▸ Work required
Copy exactly the stretch of lines from the one holding "Sometimes no shock" through the last line of the data below, inclusive. Leave out pictures.

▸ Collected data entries

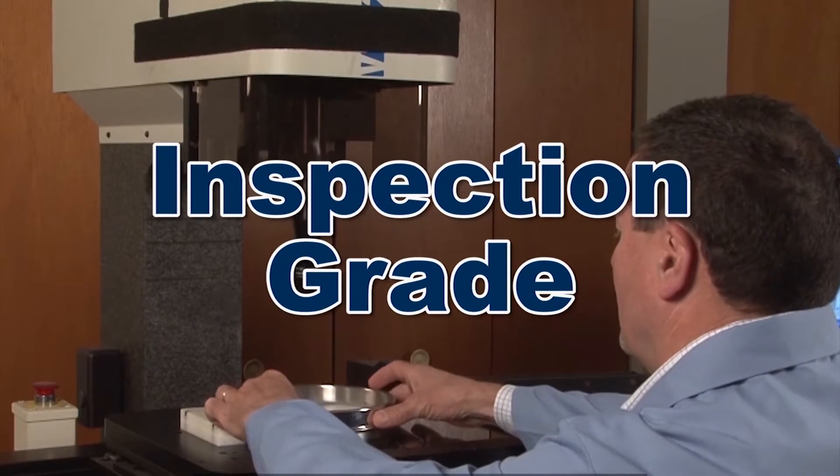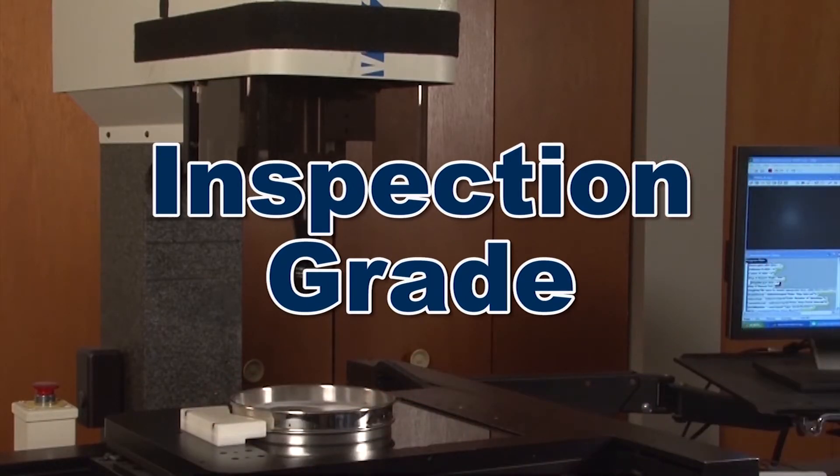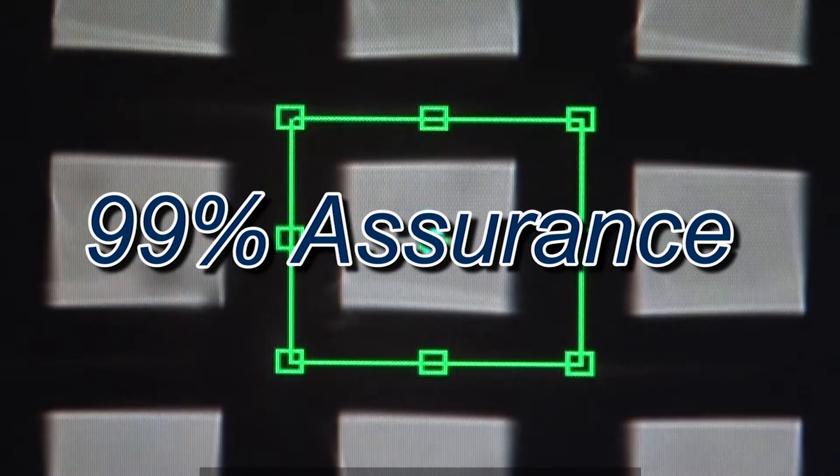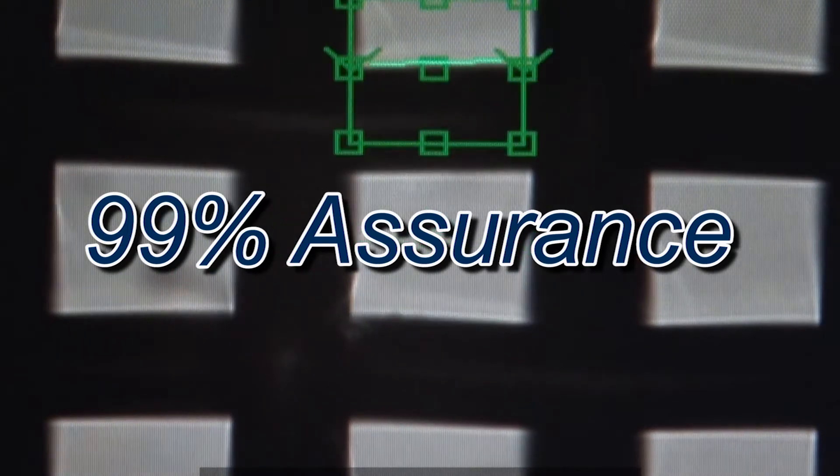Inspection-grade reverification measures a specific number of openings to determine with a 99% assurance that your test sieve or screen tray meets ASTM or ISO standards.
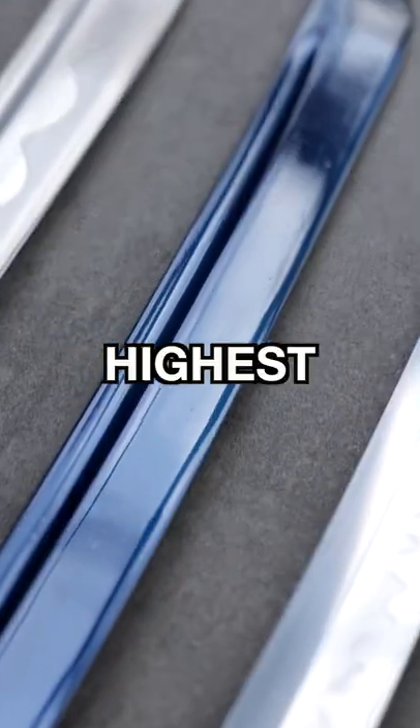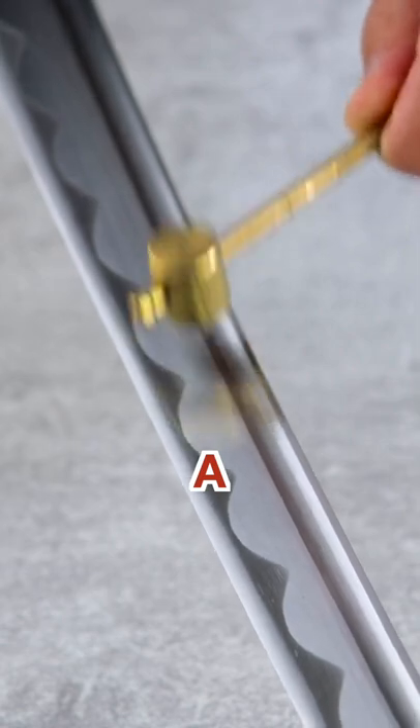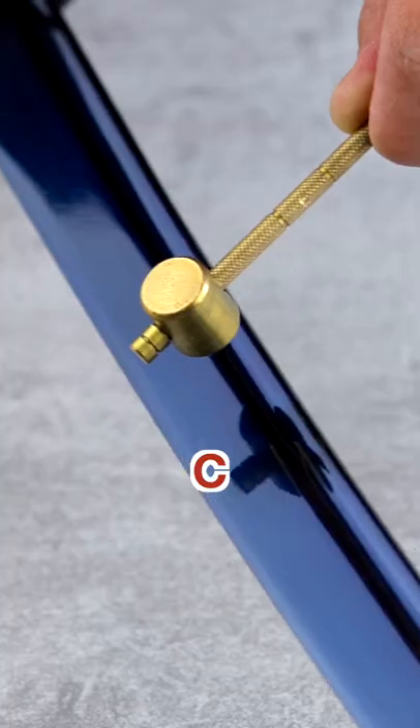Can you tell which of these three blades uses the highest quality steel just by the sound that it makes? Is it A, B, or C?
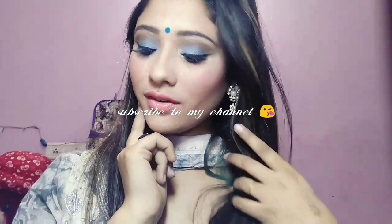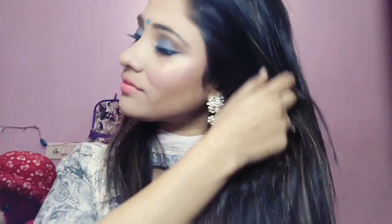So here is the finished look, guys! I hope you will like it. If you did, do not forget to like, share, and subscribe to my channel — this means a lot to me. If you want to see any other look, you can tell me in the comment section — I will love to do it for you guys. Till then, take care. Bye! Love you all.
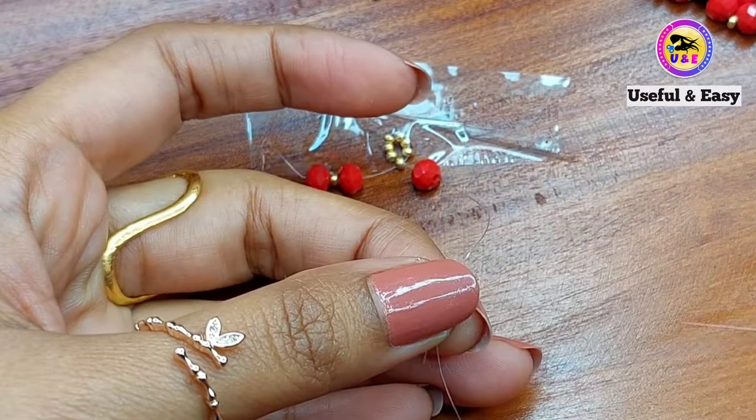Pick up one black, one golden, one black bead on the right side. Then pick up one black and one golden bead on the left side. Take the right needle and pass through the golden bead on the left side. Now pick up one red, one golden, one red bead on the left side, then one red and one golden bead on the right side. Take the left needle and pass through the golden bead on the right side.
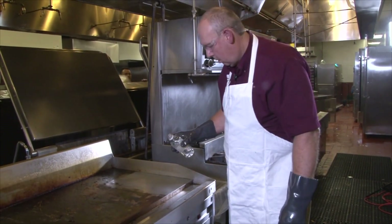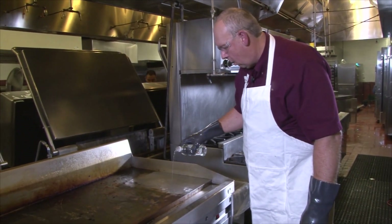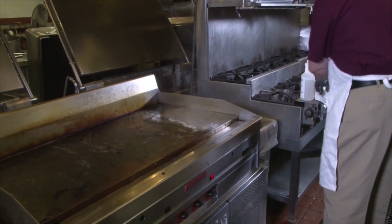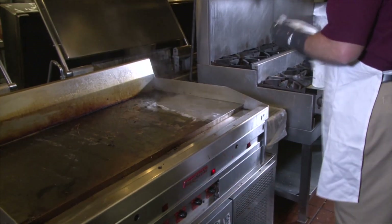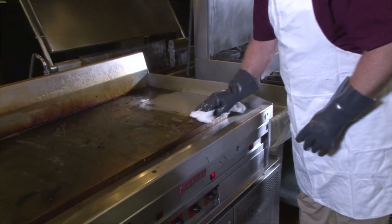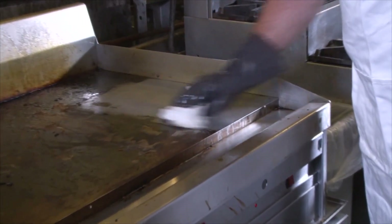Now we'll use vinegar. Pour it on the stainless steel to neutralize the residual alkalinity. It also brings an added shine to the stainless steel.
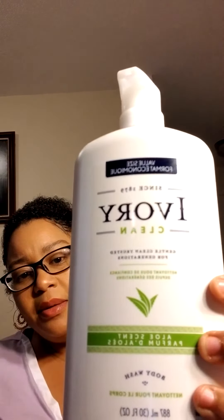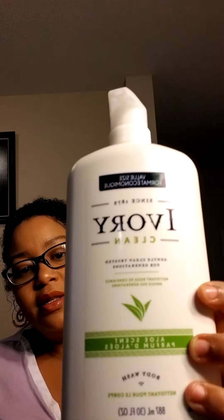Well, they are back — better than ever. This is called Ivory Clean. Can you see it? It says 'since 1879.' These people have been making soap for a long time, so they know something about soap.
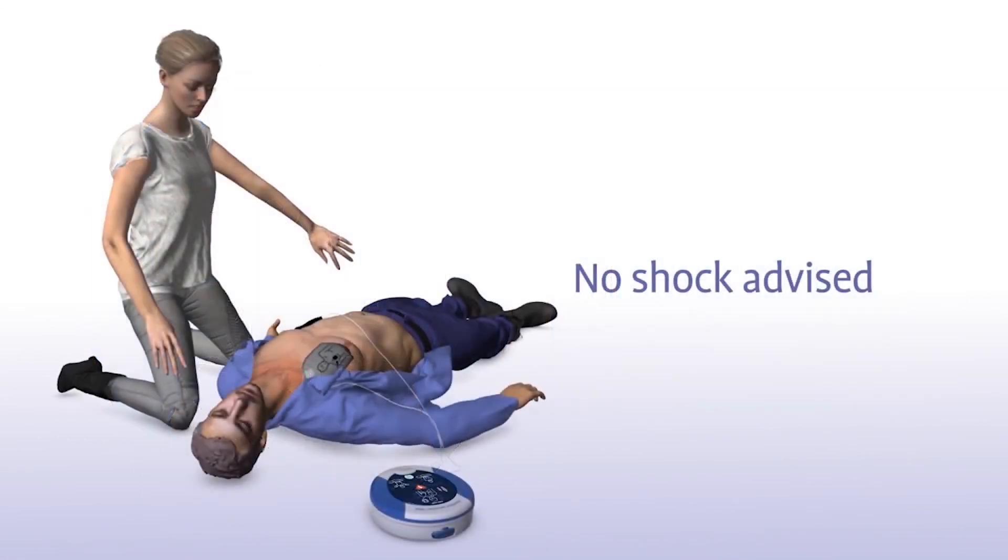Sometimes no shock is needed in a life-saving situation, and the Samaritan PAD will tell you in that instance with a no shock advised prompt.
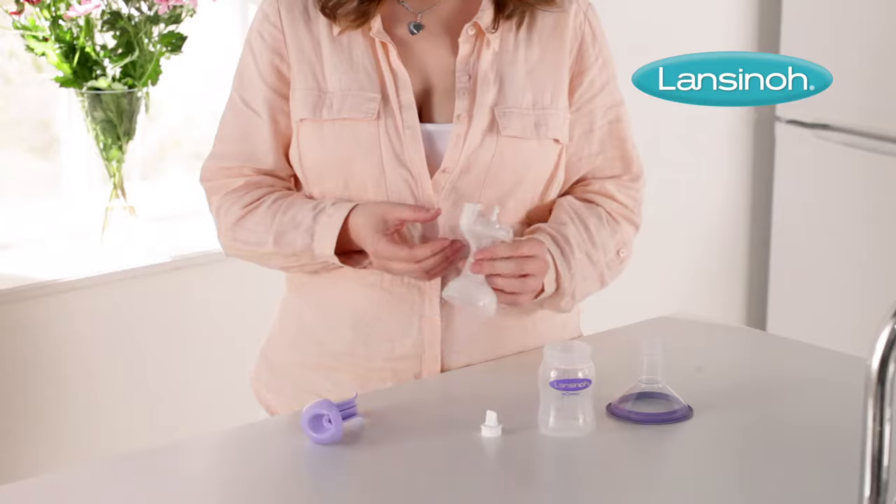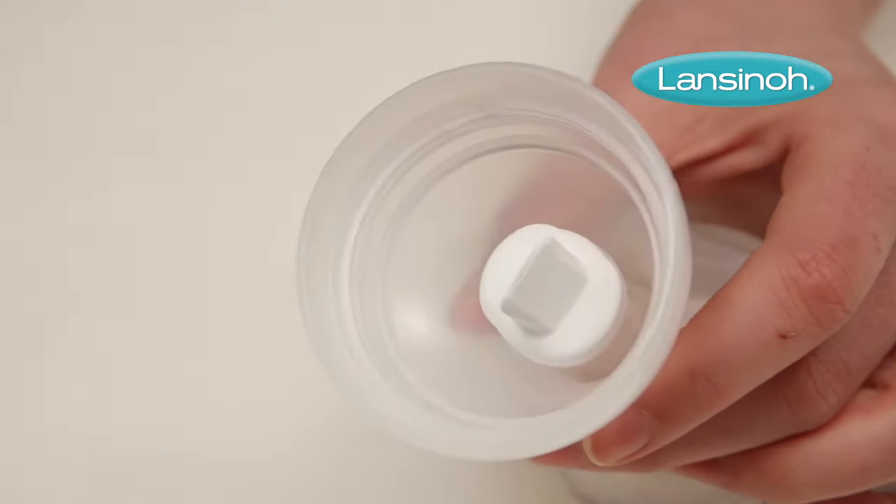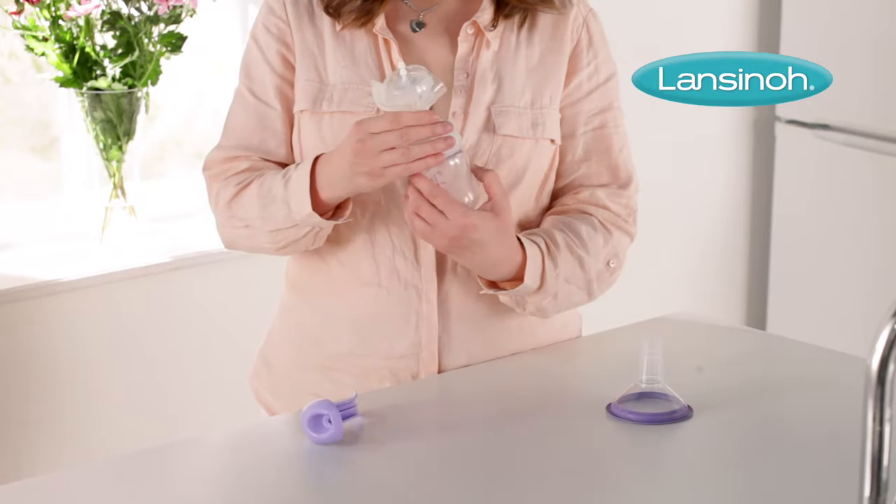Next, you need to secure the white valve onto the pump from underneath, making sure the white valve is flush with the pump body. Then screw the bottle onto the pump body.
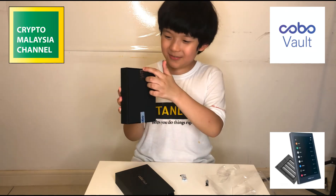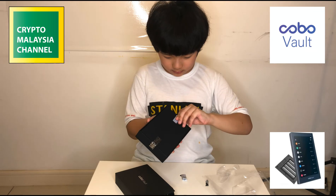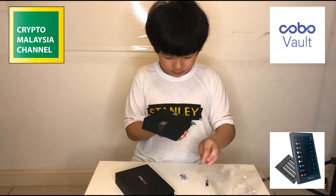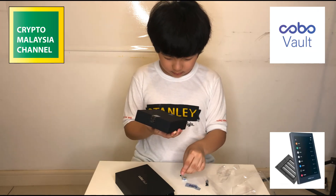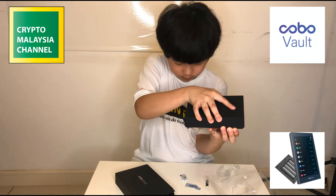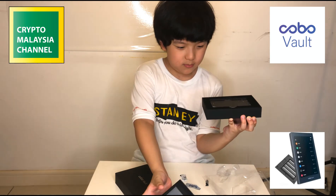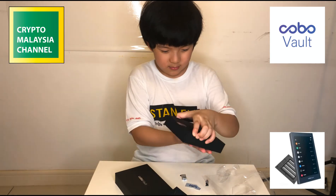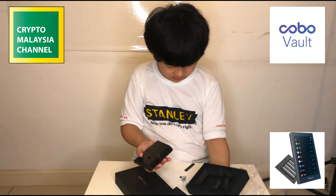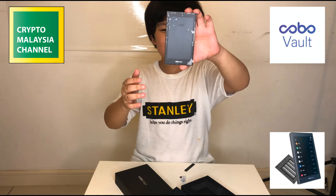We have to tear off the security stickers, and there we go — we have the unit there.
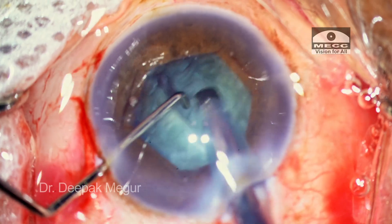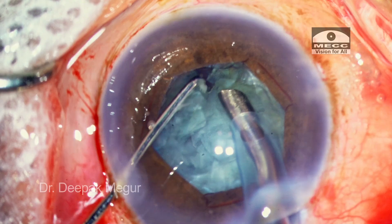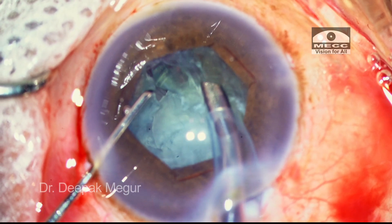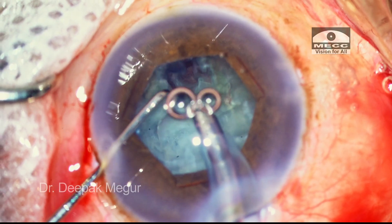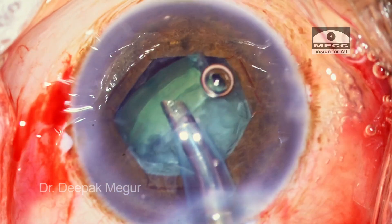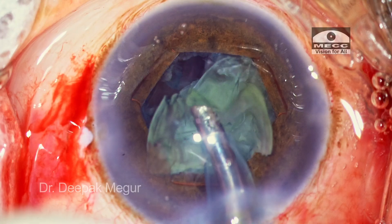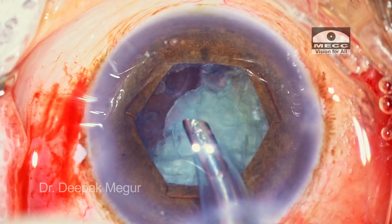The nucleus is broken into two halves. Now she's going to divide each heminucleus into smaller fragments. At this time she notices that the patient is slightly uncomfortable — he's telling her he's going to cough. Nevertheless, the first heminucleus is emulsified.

▸ Problem solution
Sometimes no shock is needed in a life-saving situation, and the Samaritan PAD will tell you in that instance with a no shock advised prompt.
Next, you need to secure the white valve onto the pump from underneath, making sure the white valve is flush with the pump body. Then screw the bottle onto the pump body.
We have to tear off the security stickers, and there we go — we have the unit there.
The nucleus is broken into two halves. Now she's going to divide each heminucleus into smaller fragments. At this time she notices that the patient is slightly uncomfortable — he's telling her he's going to cough. Nevertheless, the first heminucleus is emulsified.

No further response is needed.